Plot: Silvia, a singer and dancer, is a member of an overworked company that puts on shows in a theme park. She welcomes the advances of a young musician called Roberto but one day, following an accident, Silvia meets a certain Massimi, an understanding sort who, upon hearing her sing, convinces her to swap the theme park for an elegant night club. Massimi’s advances aren’t without motive, he has various criminal schemes in mind and Silvia will help him, without knowing it, put them in motion. The young woman attracts the attention of one of the regulars, the rich businessman Ferrari, who falls head over heels in love with her. On Massimi’s instructions she invites him to spend an evening at the theme park but, after having left her, he is attacked, robbed and wounded by Massimi’s henchmen. The next day Silvia is arrested by the police who believe she may have played a part in it. Released following Roberto’s intervention, she turns to Massimi who coldly sends her away. Alone, Massimi is robbed and killed by a past lover. Silvia is arrested again and accused of his murder but Roberto, working with the police, manages to prove her innocence. After much suffering the two youths are finally reunited.

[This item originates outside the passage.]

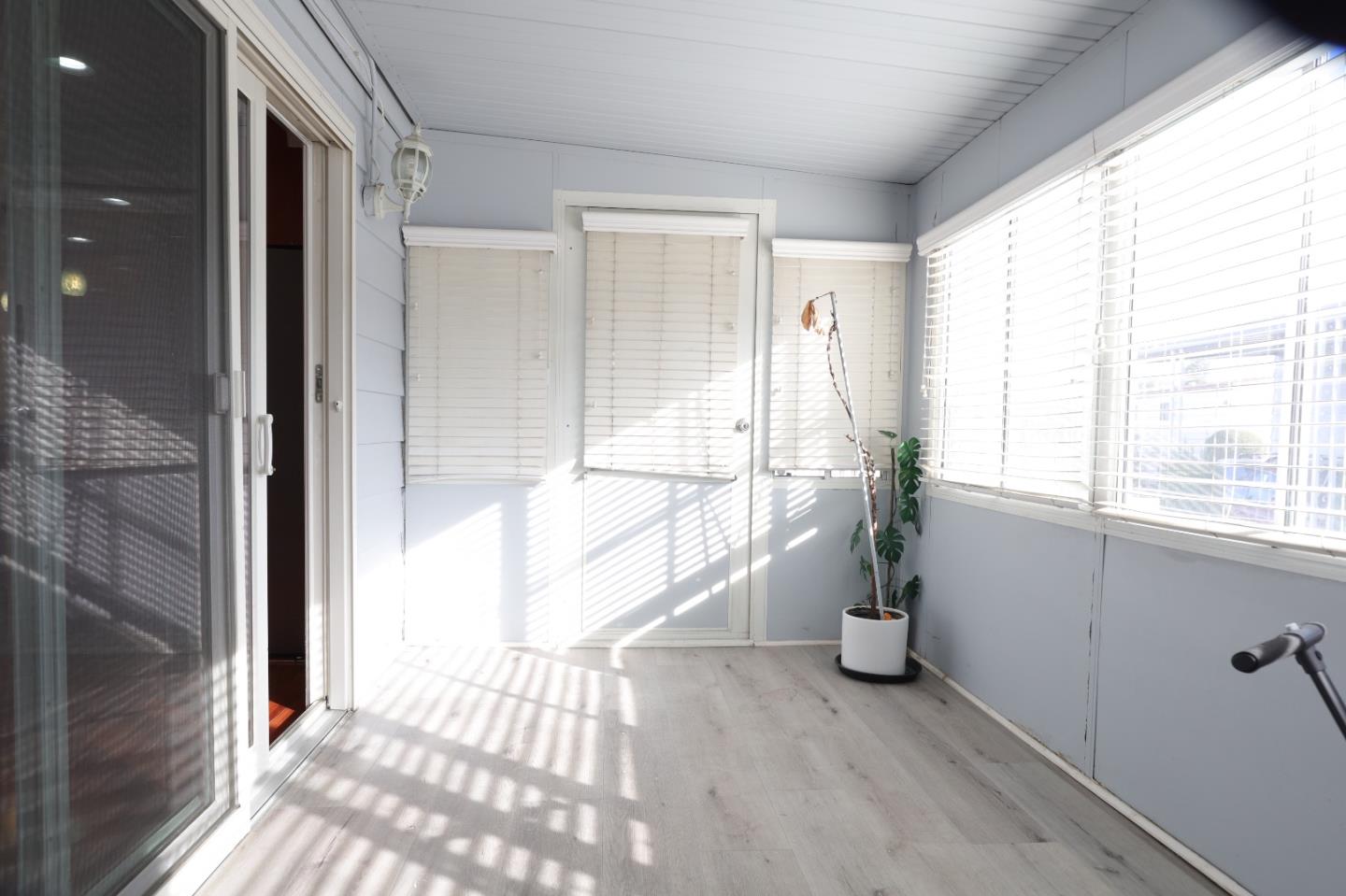 5450 Monterey Road, Unit 168 San Jose, CA 95111 - Photo 21 of 65 a view of empty room with wooden floor and fan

Playing out like many other thrillers produced in Italy from the silent era to modern day, Renato Polselli’s ‘Delitto al Luna Park’(Lit. Murder in the Theme Park) has sometimes been cited as one of the first ‘gialli’ produced in Italy, although that crown also falls on Vittorio Salerno’s ‘Libido’ or Mario Bava’s ‘The Girl Who Knew Too Much’ depending on which reference book you’re reading. In truth, it’s just one of many black and white Italian thrillers, many of which are documented here on this blog and are sadly almost impossible to track down in the digital age. ‘Delitto al Luna Park’ is no exception, 16mm prints have been screened at least twice in the last 20 years at film festivals in Italy and a print is almost certainly deposited in one of the national archives. It has never been released on VHS, DVD, etc… and no obvious sightings on television past or present.
Update: Screened at the Cinema Trevi, Rome – 19/04/2018. Running time: (approx) 1h 11m – Print condition was very good with no obvious damage – on loan from DW Griffiths Archive.